通过Apache气流编排,将Apache Beam版本升级到2.11.0失败

时间:2019-03-26 17:58:51

标签: python-2.7 google-cloud-dataflow airflow apache-beam

Apache Beam Python SDK升级到2.11.0问题。

我正在使用requirements.txt将SDK从2.4.0升级到2.11.0。它具有以下依赖关系:

    apache_beam==2.11.0
    google-cloud-dataflow==2.4.0
    httplib2==0.11.3
    google-cloud==0.27.0
    google-cloud-storage==1.3.0
    workflow

为了管理束流管道中的依赖性,我们有此txt文件。谷歌计算引擎上有两个虚拟机实例,一个是master,另一个是worker。这些实例将安装requirements.txt文件中列出的所有软件包。

作业通过DataflowRunner运行。如果使用命令

手动运行代码

python code.py --project --setupFilePath --requirementFilePath --workerMachineType n1-standard-8 --runner DataflowRunner。

该作业未将版本升级到2.11.0,而是失败了。

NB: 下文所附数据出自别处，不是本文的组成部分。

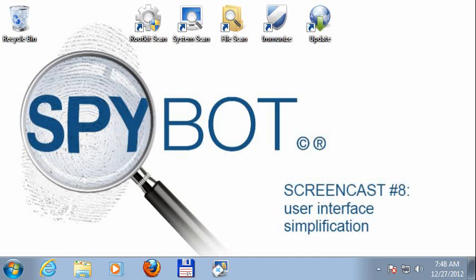This is Patrick Collart and Fenner from Safer Networking Limited with a new screencast on Spybot 2.0 progress. Some of the feedback we received on version 2 was that the user interface was providing more information than necessary. The focus of this screencast is to show some steps in improving that.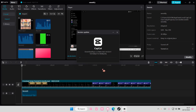Select Install Now and wait for the version to download. Once it has been downloaded, CapCut will usually restart, but don't worry.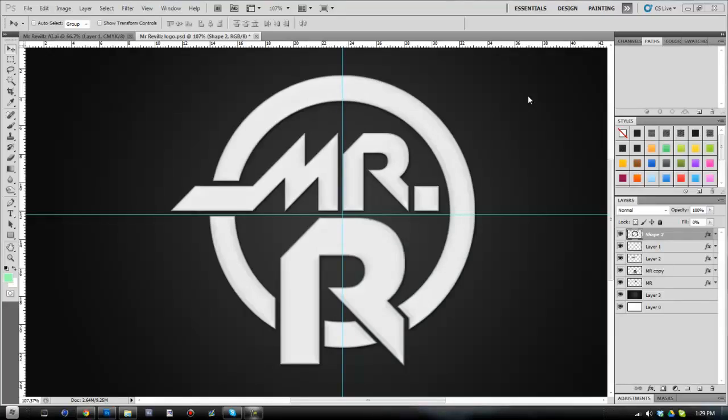Hey what's up you guys, Custom Made Graphics here. In today's video I'm going to be showing you guys how to export your 2D logos and images into Cinema 4D to then make them 3D.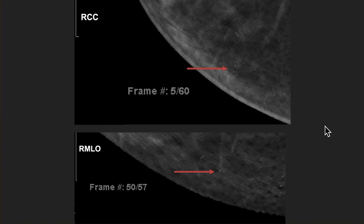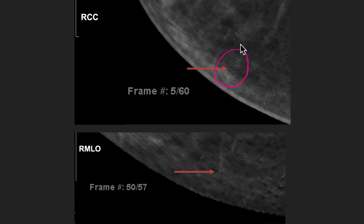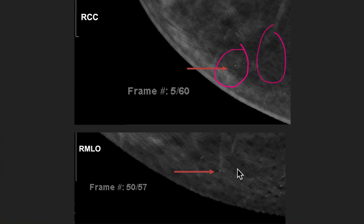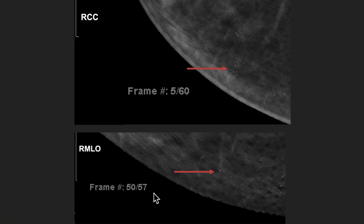Here's just to show you that undershoot and overshoot phenomenon. In this patient, this group of skin calcifications are on frame five, but they are clearly within the skin — you can see other skin-type calcifications here and that chicken skin type appearance. And these calcs here are actually on frame 50 of 57 in the right MLO view.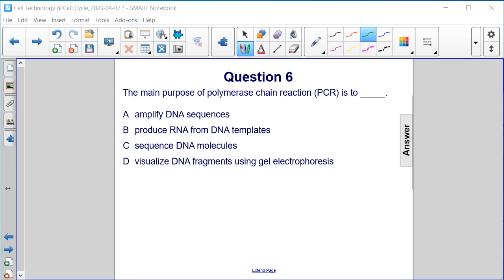The main purpose of polymerase chain reaction, PCR, is to: A, amplify DNA sequences; B, produce RNA from DNA templates; C, sequence DNA molecules; or D, visualize DNA fragments using gel electrophoresis.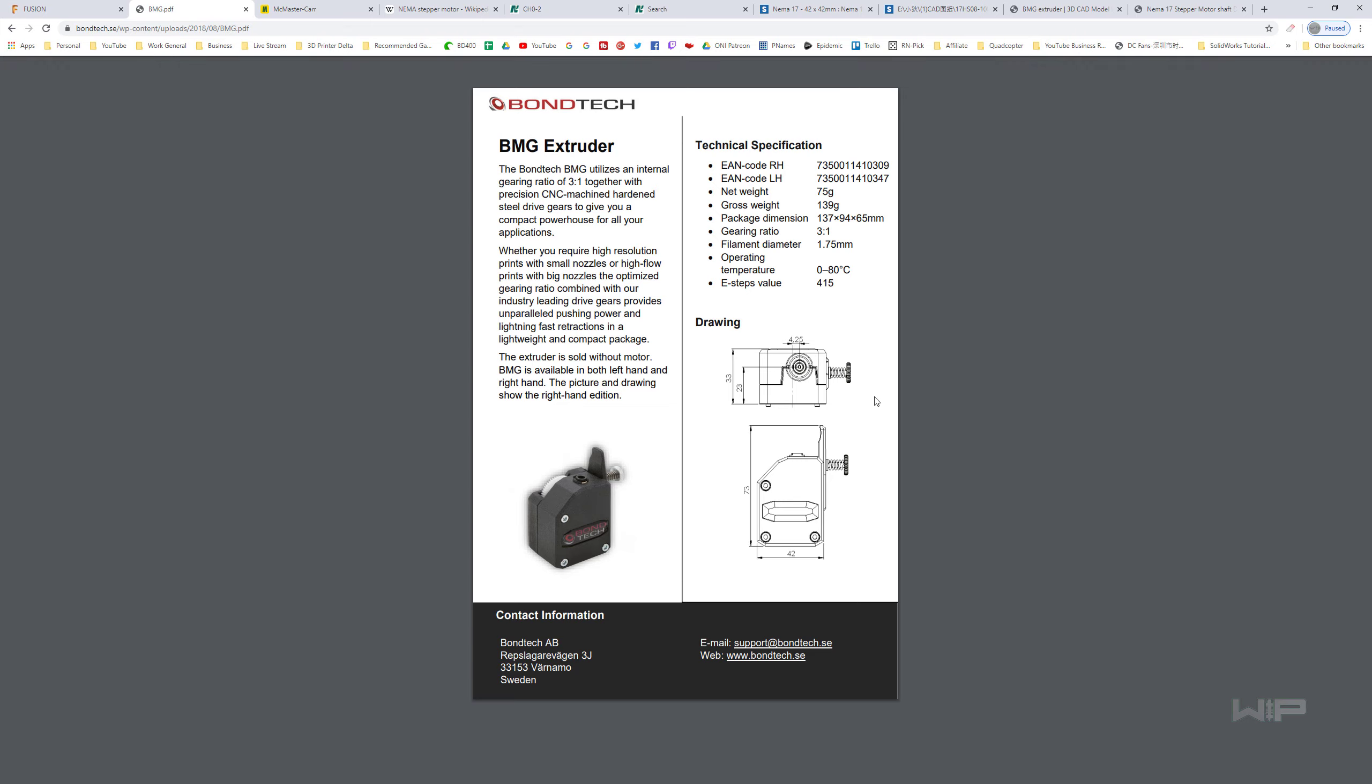But they do give you some dimensions to work from. So you can either try to remodel this based on these pictures, or you can try to navigate to a place where there might be a file to download.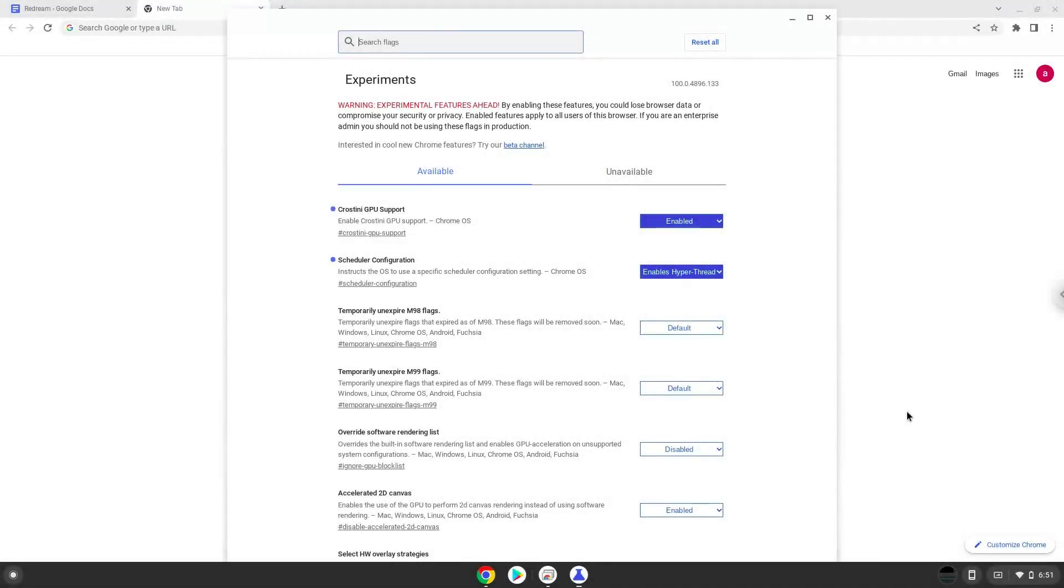Now we will turn on Linux apps. To do this we will go to our system settings and click on the advanced section on the left panel.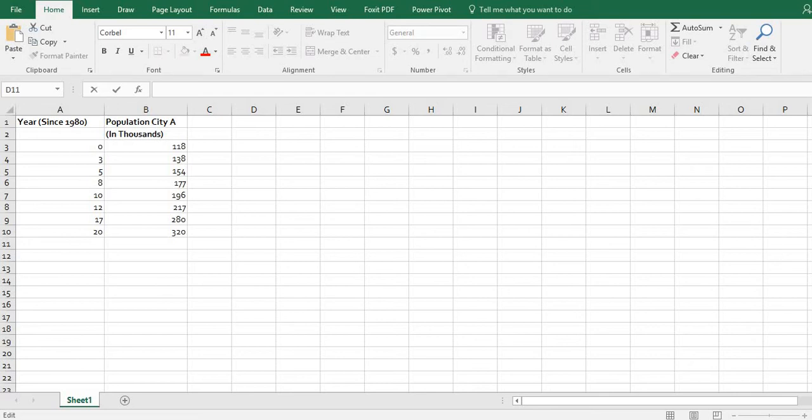Hi! For this video, what I want to do is show you how to create a scatterplot in Excel and then copy and paste it into a Word document.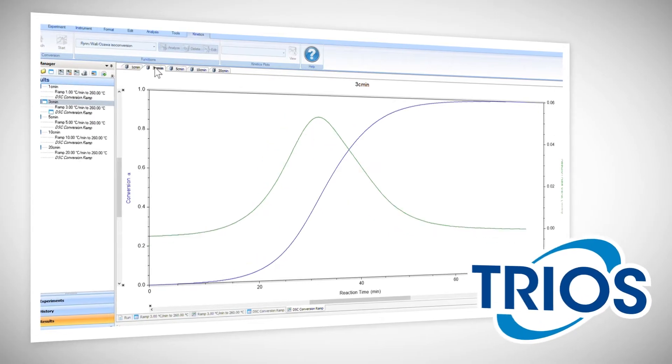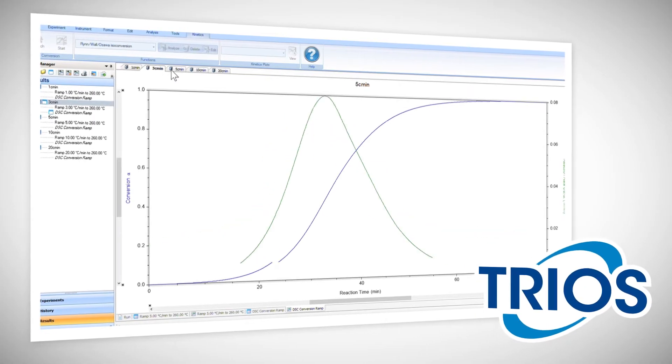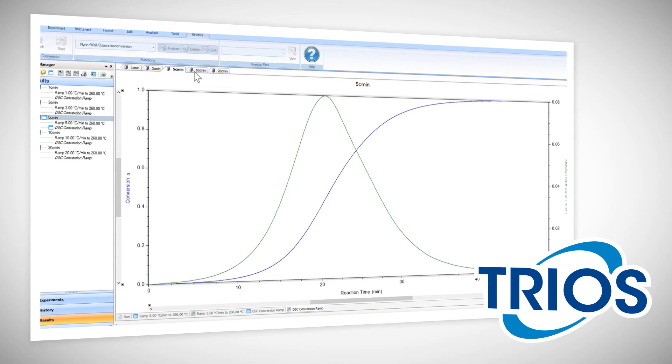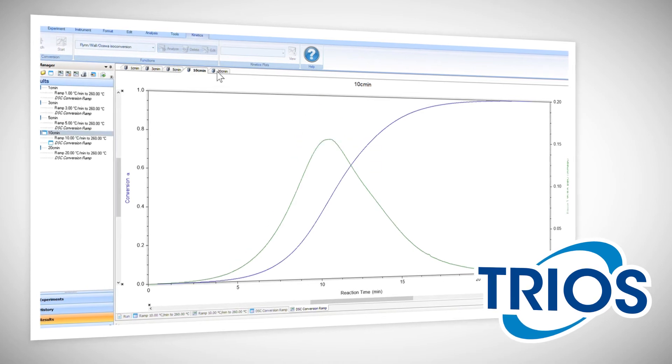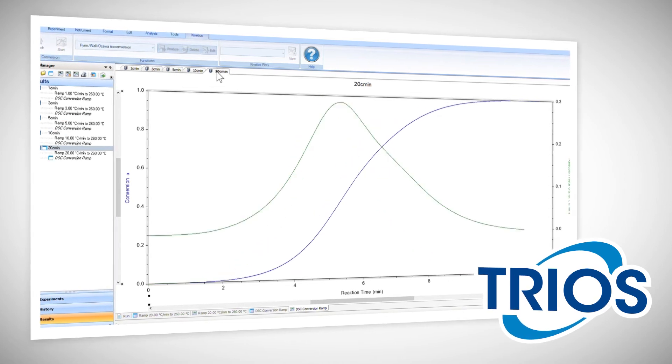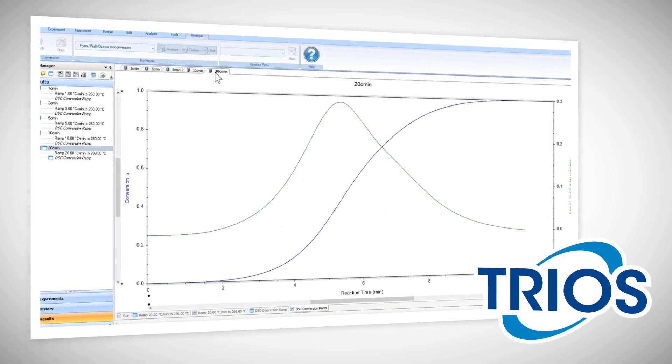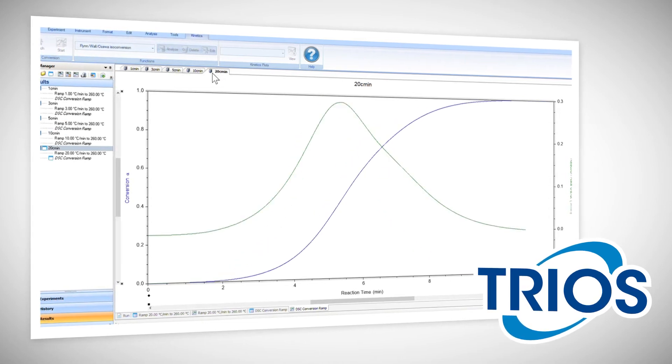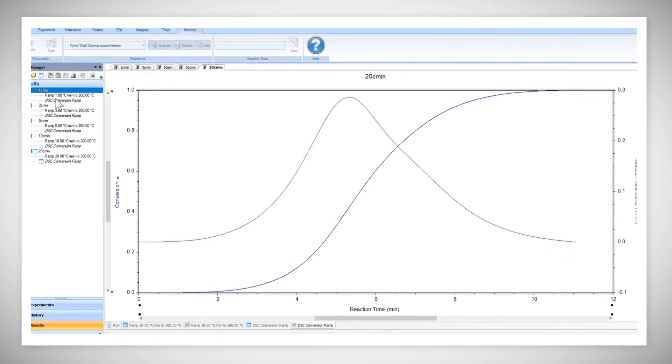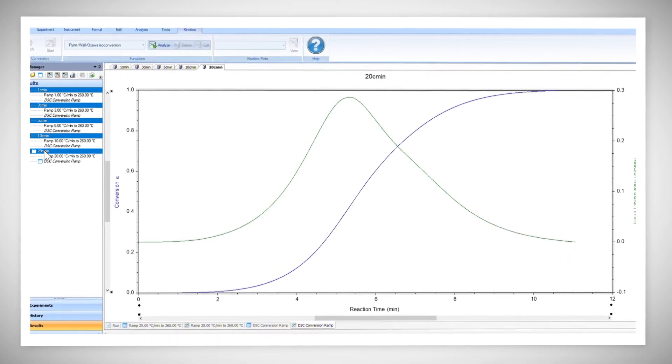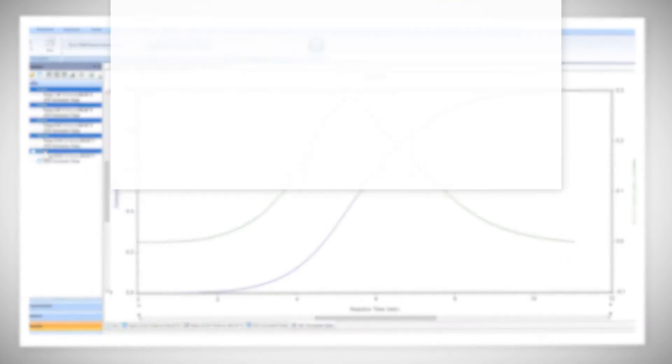This video will focus on the kinetics features used to analyze DSC data, but the workflow is very similar for analyzing TGA data. The TRIOS Kinetic software contains a variety of kinetics models for different types of analysis.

堆栈驱动程序日志中的错误消息:

2019-03-26 19:02:02.000 IST
Failed to install packages: failed to install requirements: exit status 1
Expand all | Collapse all {
 insertId:  "27857323862365974846:1225647:0:438995"  
 jsonPayload: {
  line:  "boot.go:144"   
  message:  "Failed to install packages: failed to install requirements: exit status 1"   
 }
 labels: {
  compute.googleapis.com/resource_id:  "278567544395974846"   
  compute.googleapis.com/resource_name:  "icf-20190334132038-03260625-b9fa-harness-gtml"   
  compute.googleapis.com/resource_type:  "instance"   
  dataflow.googleapis.com/job_id:  "2019-03-26_06_25_16-6068768320191854196"   
  dataflow.googleapis.com/job_name:  "icf-20190326132038"   
  dataflow.googleapis.com/region:  "global"   
 }
 logName:  "projects/project-id/logs/dataflow.googleapis.com%2Fworker-startup"  
 receiveTimestamp:  "2019-03-26T13:32:07.627920858Z"  
 resource: {
  labels: {
   job_id:  "2019-03-26_06_25_16-6068768320191854196"    
   job_name:  "icf-20190326132038"    
   project_id:  "project-id"    
   region:  "global"    
   step_id:  ""    
  }
  type:  "dataflow_step"   
 }
 severity:  "CRITICAL"  
 timestamp:  "2019-03-26T13:32:02Z"  
}

注意:在worker和master上运行pip install apache-beam == 2.11.0时,代码将运行。*

1 个答案:

答案 0 :(得分:0)

我不确定,但是很可能是这里的问题,而没有看到其余的日志。是不兼容的依赖项。您是否可以在本地运行管道并查看是否存在任何dep问题?